Friday, January 23, 2015

Mark Making



A lot of the visual art world likes to talk about mark making. Mark making, the code words for just getting something down on paper, or cutting into fabric, or using your hands in clay, can be an intimidating thing.

Over the holidays I moved away from doing much visual art. I did a lot of cooking and baking and reading. I knit and I played keyboard. I visited with my family and watched football and concerts and dramas. I spent time with photography and Photoshop and did some writing. And I worked on a new website for my knitting company.
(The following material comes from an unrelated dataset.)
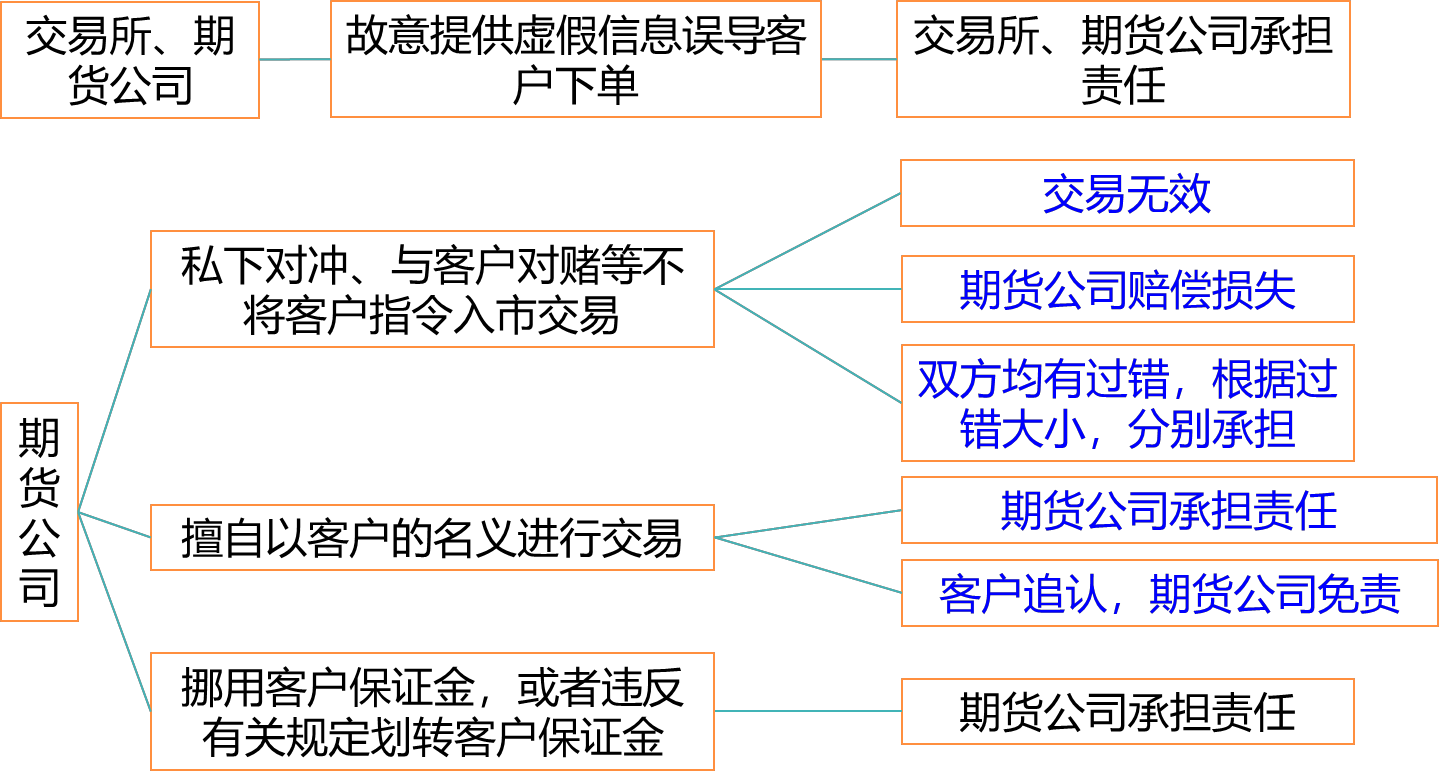 2024041315270352145311_期货纠纷的主要类型（三）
What I did not do was any mark making in the sense of picking up a pen or a pencil or some paint and just getting something on paper. By mid January, I needed a breakthrough to restart my drawing juices.

That breakthrough came late this month as I have been photographing birds at the feeders. None of the photo are stellar, but they do provide a source for sketching. This chickadee is the first of several sketches that might become watercolors. I'm just glad to see the work coming on the lines and shapes of these birds.




The next day I tried a winter tree in watercolor. I started with Alwyn Cranshaw's little book "You Can Paint" and copied the drawing and used the suggested colors.

I had been noticing tree "bones," the outlines of trunks and branches against the winter landscape as I drive across Huron County, but I had not put any of those observations down on paper. This one tree got me started. I didn't get out the right brush and I hurried the work, but I made some marks.




Finally, two days later, I grabbed a Technalo pencil (it is water soluble so it can be moistened with a brush and turned into graphite wash) and started drawing a pattern that has been scrambling around my brain. Now that I see the pattern on paper, I might take this further by making it larger and adding color.

All of this mark making feels good. The tools still work in my hands. My brain circuits are firing with color and line. I'm back to some mark making and that's good.